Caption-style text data

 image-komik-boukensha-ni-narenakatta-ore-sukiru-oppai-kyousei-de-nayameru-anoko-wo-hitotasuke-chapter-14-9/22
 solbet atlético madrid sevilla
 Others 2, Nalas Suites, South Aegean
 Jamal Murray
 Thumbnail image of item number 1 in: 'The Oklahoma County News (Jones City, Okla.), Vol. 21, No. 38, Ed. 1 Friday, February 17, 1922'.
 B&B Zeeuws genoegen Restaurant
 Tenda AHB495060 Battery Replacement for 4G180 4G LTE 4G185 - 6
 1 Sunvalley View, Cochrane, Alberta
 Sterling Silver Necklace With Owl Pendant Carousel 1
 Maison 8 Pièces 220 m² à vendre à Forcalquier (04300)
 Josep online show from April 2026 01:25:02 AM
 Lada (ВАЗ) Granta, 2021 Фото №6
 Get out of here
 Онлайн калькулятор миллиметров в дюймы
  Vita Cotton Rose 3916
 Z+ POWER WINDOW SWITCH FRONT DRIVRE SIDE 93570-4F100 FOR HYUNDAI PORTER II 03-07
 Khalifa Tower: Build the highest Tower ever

= What this task involves =
Would you set down all the lines above, exactly and in full?

= Reply =
 image-komik-boukensha-ni-narenakatta-ore-sukiru-oppai-kyousei-de-nayameru-anoko-wo-hitotasuke-chapter-14-9/22
 solbet atlético madrid sevilla
 Others 2, Nalas Suites, South Aegean
 Jamal Murray
 Thumbnail image of item number 1 in: 'The Oklahoma County News (Jones City, Okla.), Vol. 21, No. 38, Ed. 1 Friday, February 17, 1922'.
 B&B Zeeuws genoegen Restaurant
 Tenda AHB495060 Battery Replacement for 4G180 4G LTE 4G185 - 6
 1 Sunvalley View, Cochrane, Alberta
 Sterling Silver Necklace With Owl Pendant Carousel 1
 Maison 8 Pièces 220 m² à vendre à Forcalquier (04300)
 Josep online show from April 2026 01:25:02 AM
 Lada (ВАЗ) Granta, 2021 Фото №6
 Get out of here
 Онлайн калькулятор миллиметров в дюймы
  Vita Cotton Rose 3916
 Z+ POWER WINDOW SWITCH FRONT DRIVRE SIDE 93570-4F100 FOR HYUNDAI PORTER II 03-07
 Khalifa Tower: Build the highest Tower ever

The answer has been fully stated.